7. Aprendizado. Técnico e jogadores estão constantemente pensando nisso. Se algo não está dando certo, avaliam, aprimoram e repetem nos treinos até a exaustão para que na hora do vamos ver os problemas não voltem a acontecer.

8. Automotivação. O jogo coletivo é indispensável, mas se os indivíduos de uma equipe não encontram em si mesmos a motivação para fazer o seu trabalho, nada do que vimos antes se sustenta.

9. Humildade e fairplay. Nunca há jogo ganho. Seja antes ou depois das partidas, é preciso encarar cada uma das batalhas como passo para a missão cumprida. E dentro das regras, com respeito a todos. Em seu último jogo no primeiro turno, o Corinthians cometeu apenas duas faltas durante os noventa minutos. Menos do que o número de gols que marcou. Algo inédito.

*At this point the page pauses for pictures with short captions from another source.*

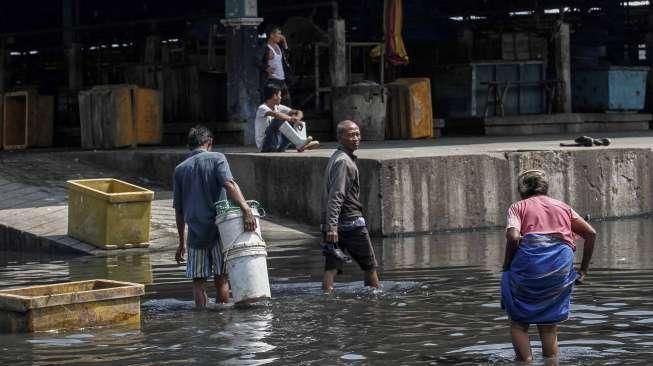 Banjir Rob di Muara Baru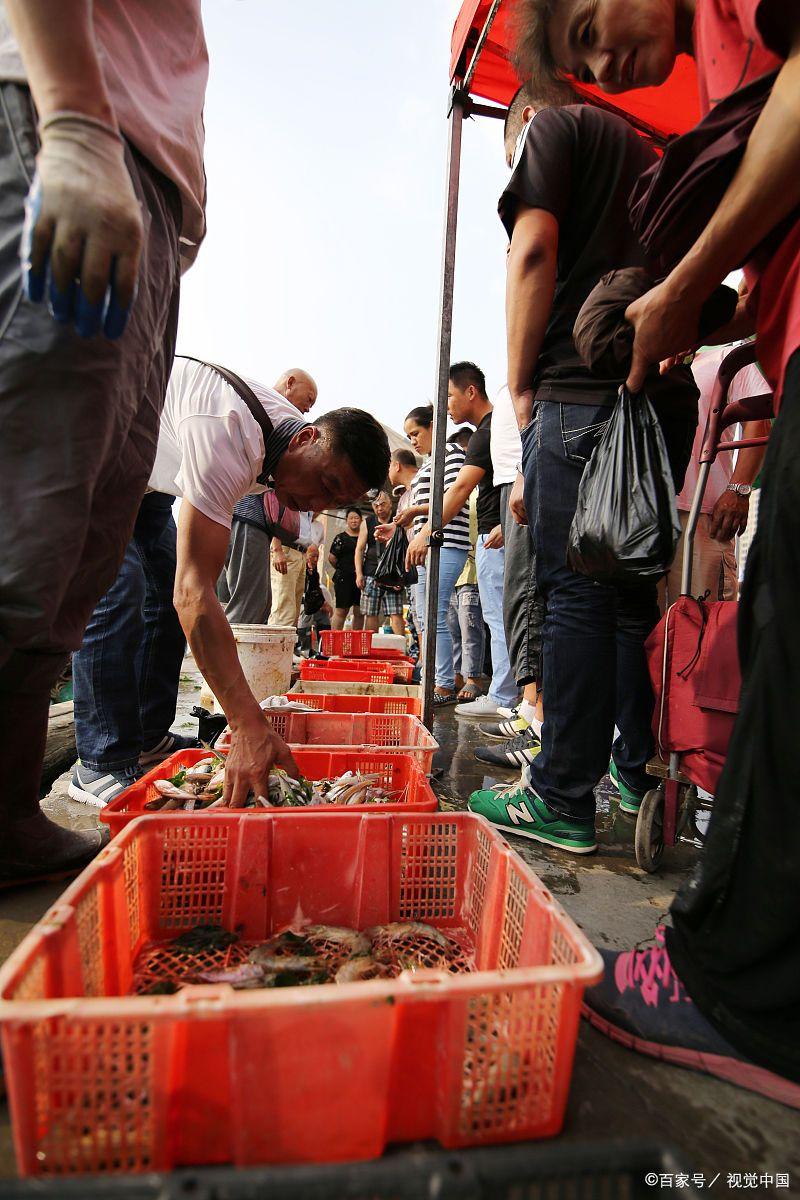 2016春节去海钓(去海上钓鱼) 2016春节去海钓(去海上钓鱼)
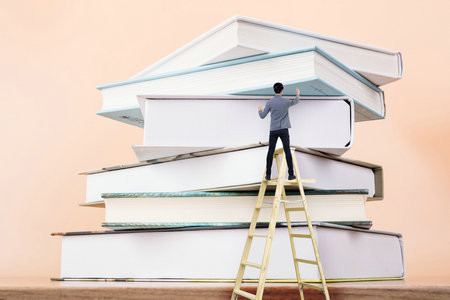 马来西亚林肯大学学院国际博士报名入口2025年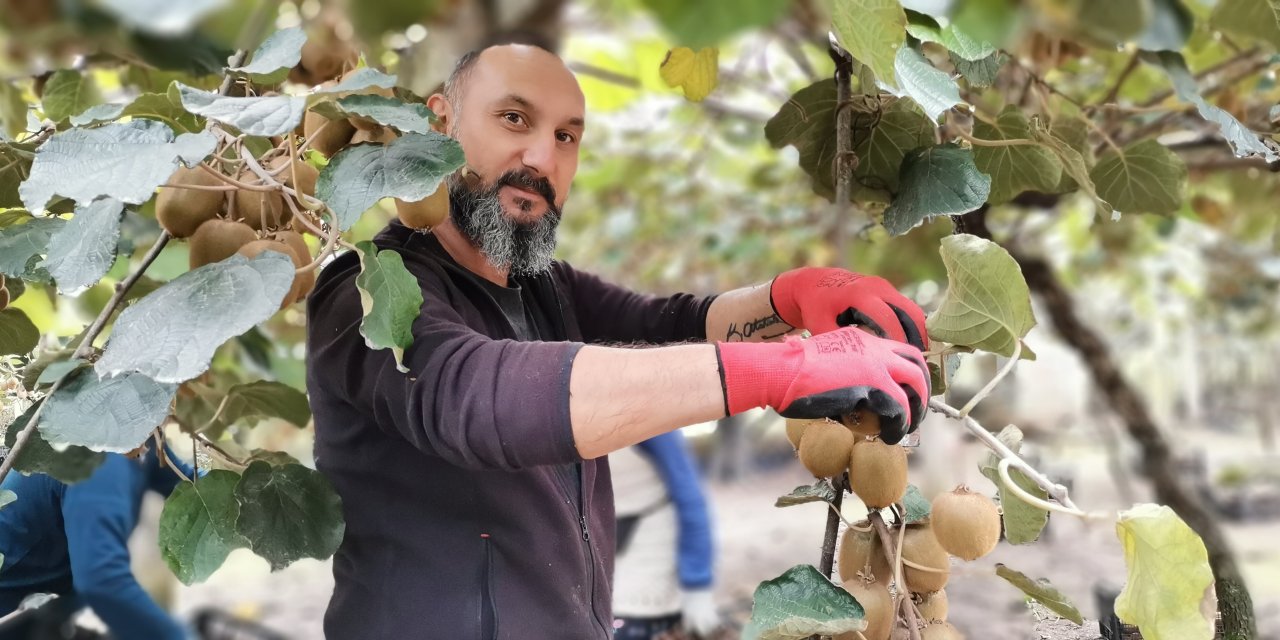 Coğrafi işaretli Ordu kivisinde hasat zamanı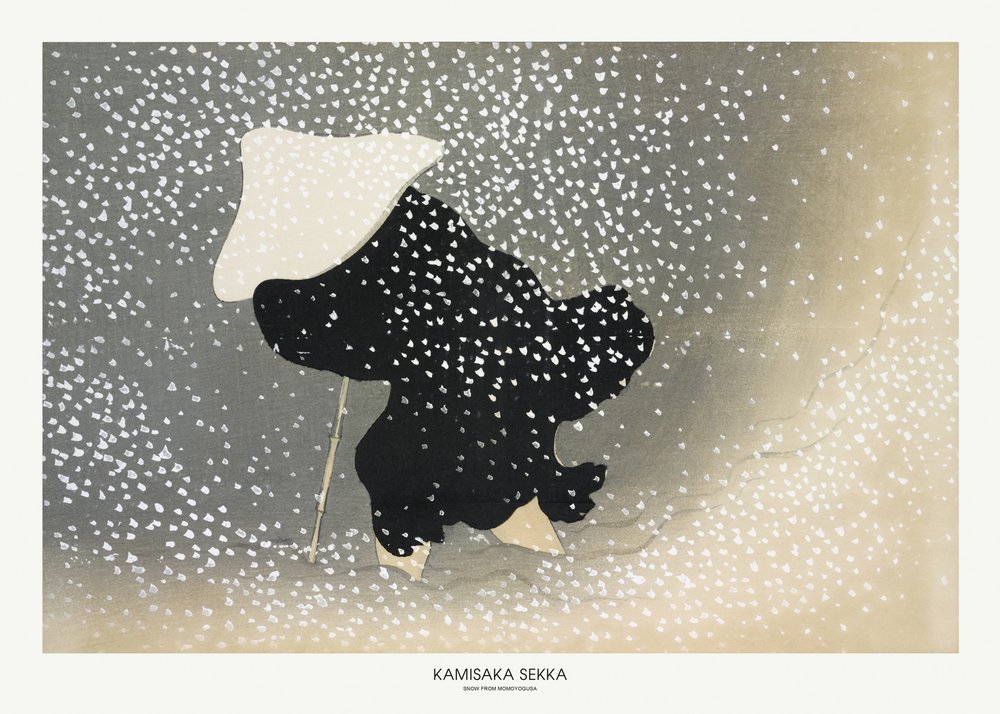桃草からの雪 作： 上坂雪花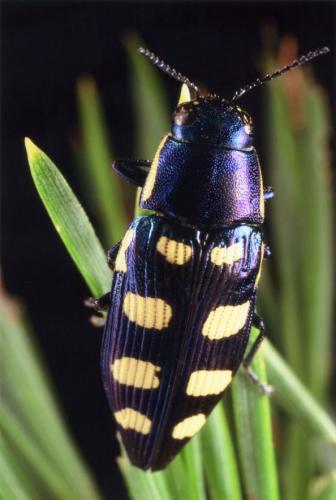 Réf. 64 858 : Buprestis octoguttata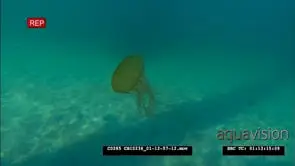 Pacific sea nettle jellyfish swimming GOOD LIGHT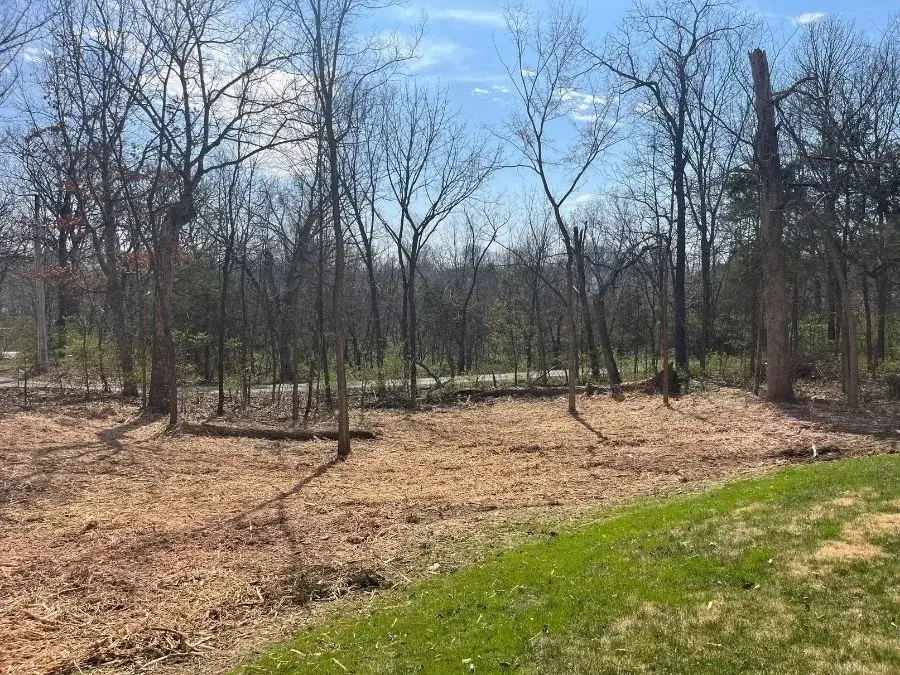 Forestry Mulching. After.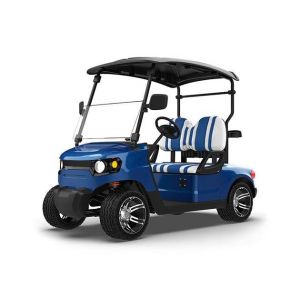 New Energy Blue Golf Cart 2 Person 48 Volt Electric Club Car Manufacturer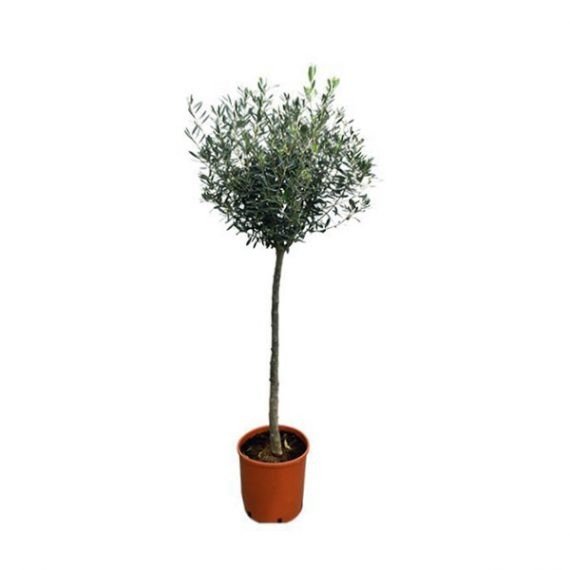 Olea europaea (زيتون يوربى) - Image 4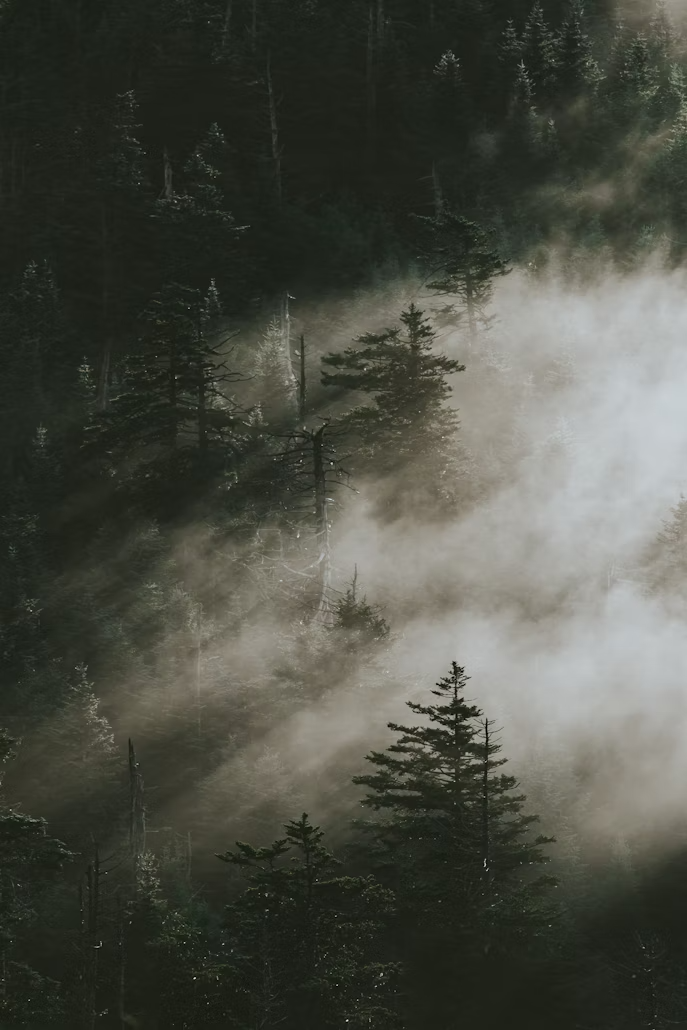 Great Smoky Mountains National Park Travel Guide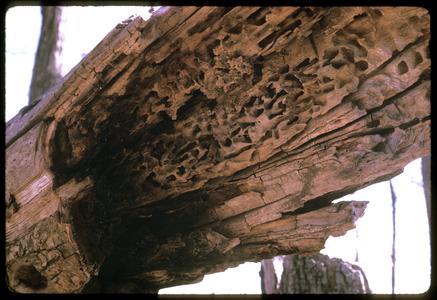 Carpenter ant tunnels in a dead tree, Ridgeland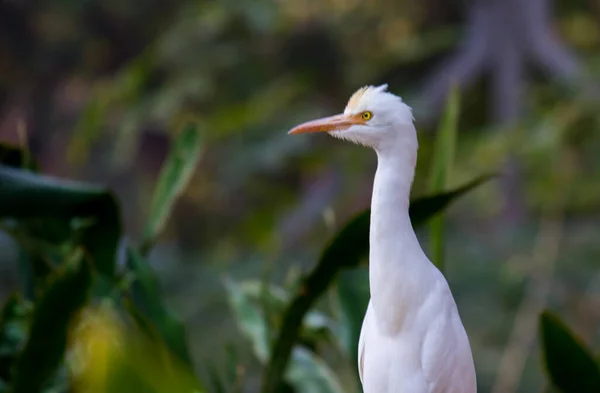 Єгипетська Чапля Egret Або Бузок Ibis Природному Середовищі Парку Хайдарабаді — стокове фото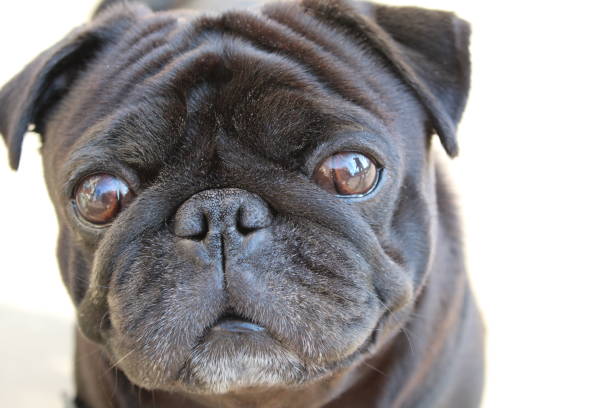 istock pug in front of white background 1142042818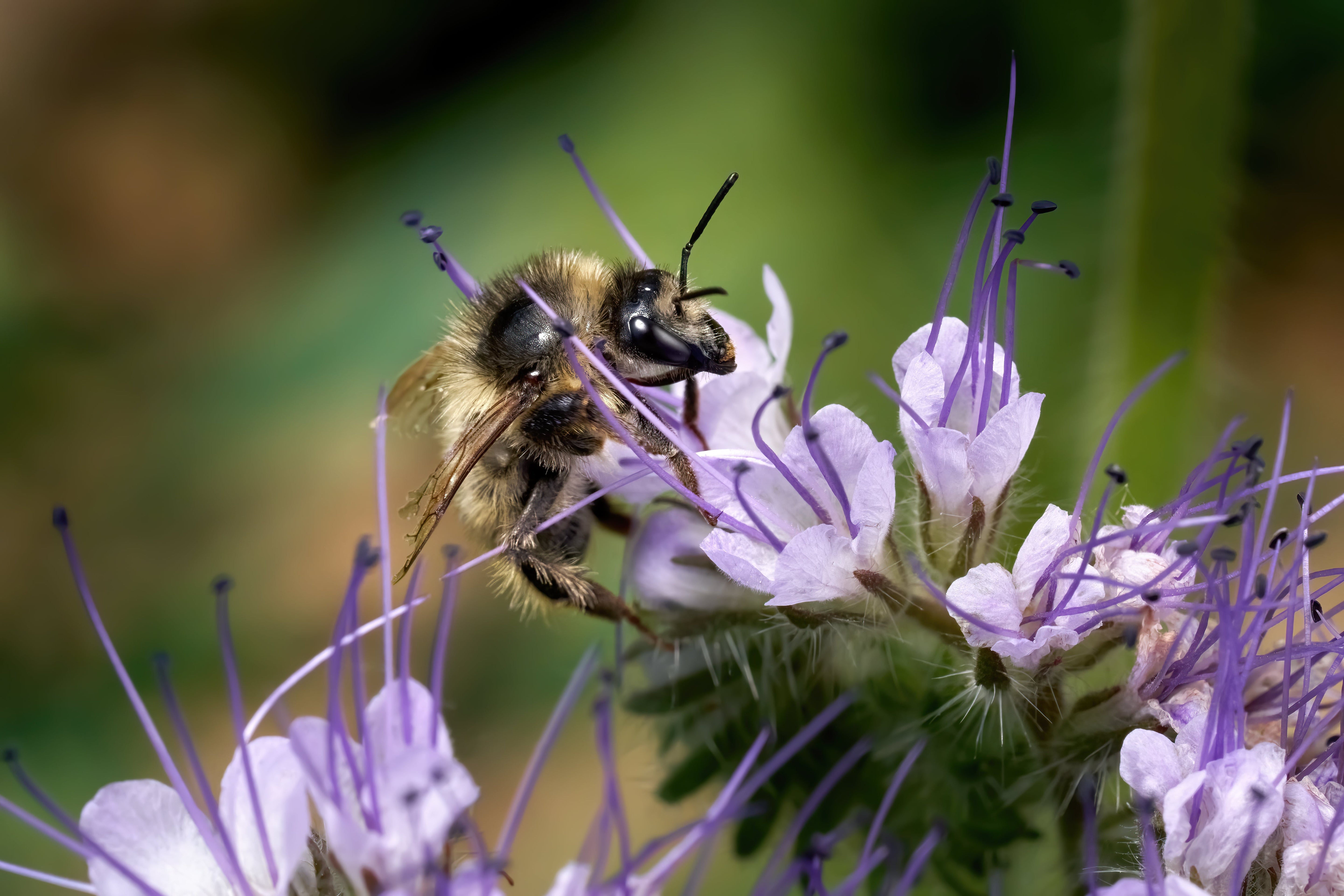 300 PURPLE TANSY Lacy Fiddleneck Phacelia Tanacetifolia Flower Seeds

É interessante ver que o esporte no Brasil, tantas vezes visto como uma atividade amadora do ponto de vista corporativo, ainda seja capaz de inspirar pessoas e empresas. E é provável que o hoje imbatível Corinthians deixe de sê-lo em algum momento. É natural. O que não significa que devemos ignorar os sinais que explicam seu atual sucesso e a ponta da tabela que alcançou.